Thursday, November 20, 2008


We are so blessed to have good friends coming to stay with us for Thanksgiving this year. Two couples from CA are coming, and I am about to burst I am so excited to see them! I have been busy planning food for while they are here, and I think I have a menu finalized for the big day.

We don't usually eat much meat and dairy, but hey, it's Thanksgiving! We're going all out :)

Honey and Rosemary Brined Turkey with Herb Riesling Gravy
(click on the link below the picture that says "play now" to see the video. I'm all about the video. I don't think I've made a turkey before on my own. The video makes it seem do-able!)

For the vegetarian main dish:
Mushroom, Cheese and Vegetable Strudel
It's from my Vegetarian Times mag, but they don't have the recipe on their website.

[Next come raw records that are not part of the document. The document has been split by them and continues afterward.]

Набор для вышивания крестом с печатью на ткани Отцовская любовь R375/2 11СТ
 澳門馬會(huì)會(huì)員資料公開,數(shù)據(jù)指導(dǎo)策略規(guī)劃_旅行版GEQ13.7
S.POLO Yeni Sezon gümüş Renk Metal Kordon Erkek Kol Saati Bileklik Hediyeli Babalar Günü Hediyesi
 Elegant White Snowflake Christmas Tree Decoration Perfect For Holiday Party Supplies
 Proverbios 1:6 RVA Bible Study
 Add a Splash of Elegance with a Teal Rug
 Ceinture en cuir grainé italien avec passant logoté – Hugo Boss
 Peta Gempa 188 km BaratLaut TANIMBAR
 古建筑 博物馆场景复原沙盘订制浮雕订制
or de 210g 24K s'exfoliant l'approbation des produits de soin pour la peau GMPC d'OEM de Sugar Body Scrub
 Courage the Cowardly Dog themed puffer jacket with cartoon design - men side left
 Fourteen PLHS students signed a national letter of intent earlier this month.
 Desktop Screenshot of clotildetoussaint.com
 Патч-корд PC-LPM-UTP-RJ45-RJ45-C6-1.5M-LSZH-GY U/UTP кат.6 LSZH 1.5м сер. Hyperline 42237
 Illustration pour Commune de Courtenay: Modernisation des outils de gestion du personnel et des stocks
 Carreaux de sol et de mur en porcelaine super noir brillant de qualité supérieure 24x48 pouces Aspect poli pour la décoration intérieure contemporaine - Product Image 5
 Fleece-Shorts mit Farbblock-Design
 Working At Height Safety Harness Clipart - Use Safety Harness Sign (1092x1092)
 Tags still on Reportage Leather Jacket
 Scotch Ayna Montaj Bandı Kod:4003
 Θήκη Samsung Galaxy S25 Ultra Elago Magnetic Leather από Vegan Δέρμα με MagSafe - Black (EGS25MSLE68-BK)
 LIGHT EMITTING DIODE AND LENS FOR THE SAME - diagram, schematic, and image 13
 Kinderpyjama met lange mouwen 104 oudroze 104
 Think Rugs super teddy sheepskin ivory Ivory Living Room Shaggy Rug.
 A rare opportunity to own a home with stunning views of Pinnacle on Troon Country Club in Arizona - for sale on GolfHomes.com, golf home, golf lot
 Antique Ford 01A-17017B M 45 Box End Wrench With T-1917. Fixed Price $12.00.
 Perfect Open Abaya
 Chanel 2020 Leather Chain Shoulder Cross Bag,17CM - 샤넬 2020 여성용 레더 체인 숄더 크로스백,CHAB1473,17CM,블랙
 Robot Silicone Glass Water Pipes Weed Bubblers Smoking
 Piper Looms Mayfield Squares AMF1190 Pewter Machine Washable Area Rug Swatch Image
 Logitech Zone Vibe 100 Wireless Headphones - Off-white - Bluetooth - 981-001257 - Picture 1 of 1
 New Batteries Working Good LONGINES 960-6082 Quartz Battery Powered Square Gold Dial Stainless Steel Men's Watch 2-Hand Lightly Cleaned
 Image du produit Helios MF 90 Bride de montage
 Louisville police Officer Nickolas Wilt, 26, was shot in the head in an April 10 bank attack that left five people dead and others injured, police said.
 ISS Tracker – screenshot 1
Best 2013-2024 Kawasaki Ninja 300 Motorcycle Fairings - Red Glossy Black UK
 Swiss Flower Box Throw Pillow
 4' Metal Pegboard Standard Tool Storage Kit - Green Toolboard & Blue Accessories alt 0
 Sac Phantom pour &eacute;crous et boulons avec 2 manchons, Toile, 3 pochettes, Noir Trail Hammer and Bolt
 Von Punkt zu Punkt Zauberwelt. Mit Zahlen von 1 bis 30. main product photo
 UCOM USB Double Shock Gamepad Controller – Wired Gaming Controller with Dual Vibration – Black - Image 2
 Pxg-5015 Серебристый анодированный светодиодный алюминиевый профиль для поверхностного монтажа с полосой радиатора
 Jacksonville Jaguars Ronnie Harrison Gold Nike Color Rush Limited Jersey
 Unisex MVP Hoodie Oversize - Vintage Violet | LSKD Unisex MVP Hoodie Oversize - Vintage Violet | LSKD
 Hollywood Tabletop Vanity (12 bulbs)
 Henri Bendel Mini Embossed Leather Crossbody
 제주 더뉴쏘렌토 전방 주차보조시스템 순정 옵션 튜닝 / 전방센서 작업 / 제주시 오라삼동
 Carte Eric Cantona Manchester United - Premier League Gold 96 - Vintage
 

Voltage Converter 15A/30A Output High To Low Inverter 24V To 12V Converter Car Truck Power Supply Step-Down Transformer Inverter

HOWEVER, I found this awesome blog post where someone has the recipe, and step by step pictures on how to make it
Also, this has less than 300 calories per serving!

Artichoke, Sausage, and Parmesan Cheese Stuffing
A recipe from my beloved :) (read the reviews for extra tips) I might break the recipe in half, and use imitation italian sausage in half of it to keep it vegetarian.

Let me know if anyone wants any of these recipes.....
My Mom's Garlic Parmesan Mashed Potatoes

Double Cranberry Chutney
(from the newest issue of Vegetarian Times)

Pecan Pie with Whole Wheat Pastry Crust
Pumpkin Pie with Whole Wheat Pastry Crust
I'm going to TRY, if I have time, to make some homemade Vanilla Ice Cream in
my ice cream maker.

I was going to make a healthy Green Bean side dish, but it got vetoed in favor of that
Green Bean Casserole that everyone has had at least once in their life. Rob's plan is to ask our friend Mike (who is famous for making it) to make it while they are here, and he wants to record a video of Mike calling to ask his mom for the recipe. It's a guy thing. ;)

I'm also going to do something fresh and crisp to go along with all of this, like a salad, or some nice crisp Asparagus.

You'll notice that I went for a really traditional menu this year! I think as my kids get's older, I am starting to appreciate tradition more. And all of these things are things we love, and really we look forward to that pie each year, and those mashed potatoes, and we are sad when they are not there. So it's once a year, but if will build fond memories, and make my kid's want to come home for Thanksgiving when they get older, then hey - who am I to argue with tradition? :)

Plus I get to use our Christmas party to do all the interesting appetizers etc that I want to do this season. So now on to plan the menu for that.....yum!! Bring on the holidays!!

Culinary School visit

I've had a busy week! Isaac has had a bad cough that he can't seem to shake. Analise woke up with a mild one this AM. I've had to pray for extra patience with two cranky sick kiddos. I'm also sooo ready to get out of the house. I was really sad to miss my beloved MOPS group this morning.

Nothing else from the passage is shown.